→ Assignment
Please copy exactly every line from the one that contains "Elegant Black Shiny" to the end of the data below, with both ends included and no other lines.

→ Material provided

========

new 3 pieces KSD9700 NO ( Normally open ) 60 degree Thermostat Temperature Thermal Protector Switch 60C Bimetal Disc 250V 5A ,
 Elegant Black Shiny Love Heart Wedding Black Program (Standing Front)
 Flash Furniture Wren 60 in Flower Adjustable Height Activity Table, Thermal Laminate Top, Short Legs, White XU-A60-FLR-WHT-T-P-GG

========

→ Output below
 Elegant Black Shiny Love Heart Wedding Black Program (Standing Front)
 Flash Furniture Wren 60 in Flower Adjustable Height Activity Table, Thermal Laminate Top, Short Legs, White XU-A60-FLR-WHT-T-P-GG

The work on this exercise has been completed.